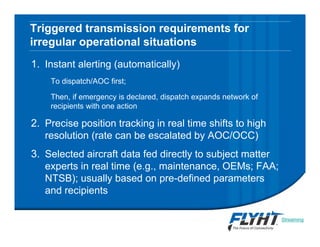 Triggered transmission requirements for
irregular operational situations
1. Instant alerting (automatically)
To dispatch/AOC first;
Then, if emergency is declared, dispatch expands network of
recipients with one action
2. Precise position tracking in real time shifts to high
resolution (rate can be escalated by AOC/OCC)
3. Selected aircraft data fed directly to subject matter
experts in real time (e.g., maintenance, OEMs; FAA;
NTSB); usually based on pre-defined parameters
and recipients
Streaming
video
 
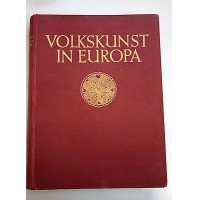 Volkskunst in Europa - Berlin Wasmuth 1938 1941 H. Th. Bossert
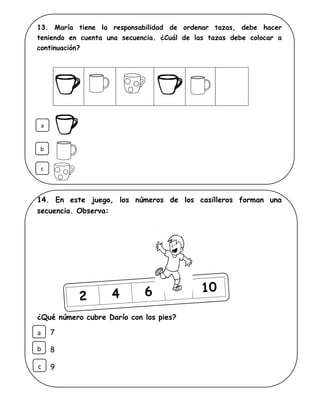 13. María tiene la responsabilidad de ordenar tazas, debe hacer
teniendo en cuenta una secuencia. ¿Cuál de las tazas debe colocar a
continuación?
14. En este juego, los números de los casilleros forman una
secuencia. Observa:
¿Qué número cubre Darío con los pies?
7
8
9
a
b
c
a
c
b
 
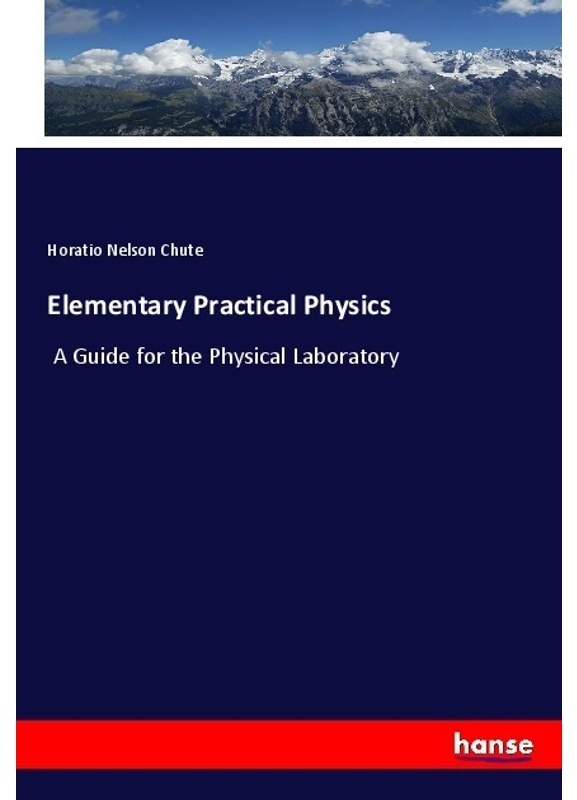 Elementary Practical Physics - Horatio Nelson Chute, Kartoniert (TB)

***

Exercise description: Repeat all the data as it stands, dropping any images it holds.

Task solution:
 Triggered transmission requirements for
irregular operational situations
1. Instant alerting (automatically)
To dispatch/AOC first;
Then, if emergency is declared, dispatch expands network of
recipients with one action
2. Precise position tracking in real time shifts to high
resolution (rate can be escalated by AOC/OCC)
3. Selected aircraft data fed directly to subject matter
experts in real time (e.g., maintenance, OEMs; FAA;
NTSB); usually based on pre-defined parameters
and recipients
Streaming
video
 
 Volkskunst in Europa - Berlin Wasmuth 1938 1941 H. Th. Bossert
 13. María tiene la responsabilidad de ordenar tazas, debe hacer
teniendo en cuenta una secuencia. ¿Cuál de las tazas debe colocar a
continuación?
14. En este juego, los números de los casilleros forman una
secuencia. Observa:
¿Qué número cubre Darío con los pies?
7
8
9
a
b
c
a
c
b
 
 Elementary Practical Physics - Horatio Nelson Chute, Kartoniert (TB)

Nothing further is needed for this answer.